What Are Unfair Trade Practices?

Renee Booker

Historically, a buyer was responsible for understanding what he or she was buying and under what terms. Known as "cavet emptor," a Latin term meaning "let the buyer beware," this perspective allowed sellers to use any tactics available to convince a potential buyer to purchase their goods or services. Eventually, jurisdictions around the world began to enact legislation aimed at protecting consumers by declaring many practices to be unfair trade practices. Jurisdictions will differ with regard to what they consider to be unfair trade practices; however, most focus on practices that are intended to mislead or deceive consumers.

Unfair trade practices address how a seller may or may not contact consumers in an attempt to sell goods or services, such as telemarketing.
Unfair trade practices address how a seller may or may not contact consumers in an attempt to sell goods or services, such as telemarketing.

A number of countries around the world have enacted national legislation aimed at preventing sellers of goods or services to use deceptive, fraudulent, or confusing tactics to convince consumers to purchase their goods or services. Examples of countries and their corresponding legislation include: Barbados — The Consumer Protection Act; Australia — Trade Practices Act of 1974; and the European Union — Consumer Protection for Unfair Trading Regulations. Within the United States, individual states have enacted legislation that address issues related to unfair trade practices.

Most legislation directed at unfair trade practices makes it illegal to intentionally deceive or lie to consumers, or to use fraudulent or confusing advertising in an attempt to sell goods or services. More specifically, laws often prohibit advertising that is likely to confuse or outright deceive consumer regarding the origins, manufacturer, or sponsorship of a good. For example, an advertisement that insinuates that a product has been endorsed by a reputable person or organization, when, in fact, it has not, may be a violation of an unfair trade practices law.

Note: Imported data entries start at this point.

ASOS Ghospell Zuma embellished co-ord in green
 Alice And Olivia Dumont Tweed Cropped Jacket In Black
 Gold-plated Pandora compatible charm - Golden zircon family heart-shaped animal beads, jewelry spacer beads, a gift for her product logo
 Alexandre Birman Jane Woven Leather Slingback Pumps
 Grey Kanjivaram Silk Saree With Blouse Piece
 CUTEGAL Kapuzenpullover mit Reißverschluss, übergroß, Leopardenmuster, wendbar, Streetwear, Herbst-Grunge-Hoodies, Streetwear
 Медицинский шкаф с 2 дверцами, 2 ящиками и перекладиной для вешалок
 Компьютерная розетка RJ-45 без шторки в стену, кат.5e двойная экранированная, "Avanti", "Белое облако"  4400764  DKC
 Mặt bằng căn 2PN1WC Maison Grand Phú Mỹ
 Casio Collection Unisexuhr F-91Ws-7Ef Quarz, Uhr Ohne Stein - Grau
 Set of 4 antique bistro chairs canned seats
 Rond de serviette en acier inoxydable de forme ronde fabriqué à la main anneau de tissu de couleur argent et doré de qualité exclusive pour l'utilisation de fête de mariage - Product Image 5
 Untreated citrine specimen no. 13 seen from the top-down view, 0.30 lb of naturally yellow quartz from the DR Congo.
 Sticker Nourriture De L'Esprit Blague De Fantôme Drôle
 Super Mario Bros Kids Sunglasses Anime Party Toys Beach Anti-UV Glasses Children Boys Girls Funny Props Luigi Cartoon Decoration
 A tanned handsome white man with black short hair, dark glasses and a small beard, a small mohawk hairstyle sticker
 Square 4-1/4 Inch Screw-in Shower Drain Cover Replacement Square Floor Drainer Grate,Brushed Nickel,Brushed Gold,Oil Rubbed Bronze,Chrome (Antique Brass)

Other common provision in legislation aimed at preventing unfair trade practices include prohibitions against claiming that a good contains ingredients which it does not contain, or that a product is new, when it is used. Laws also frequently prevent the advertisement of one good when the seller plans to actually sell another good to the consumer. Claims of the possibility of winning a prize for purchasing a good or service may also be prohibited, unless the seller actually follows through with awarding the prizes advertised.

Laws enacted to combat unfair trade practices may also address the manner in which a seller may contact consumers in an attempt to sell goods or services. Some laws prohibit telemarketing by sellers, or limit the time or manner in which telemarketing may be used as a sales tool. Door-to-door sales may also be regulated in unfair trade practices legislation. With both telemarketing and door-to-door sales, most laws require the seller to identify who he or she is and the purpose of the call or visit immediately upon contact with the consumer.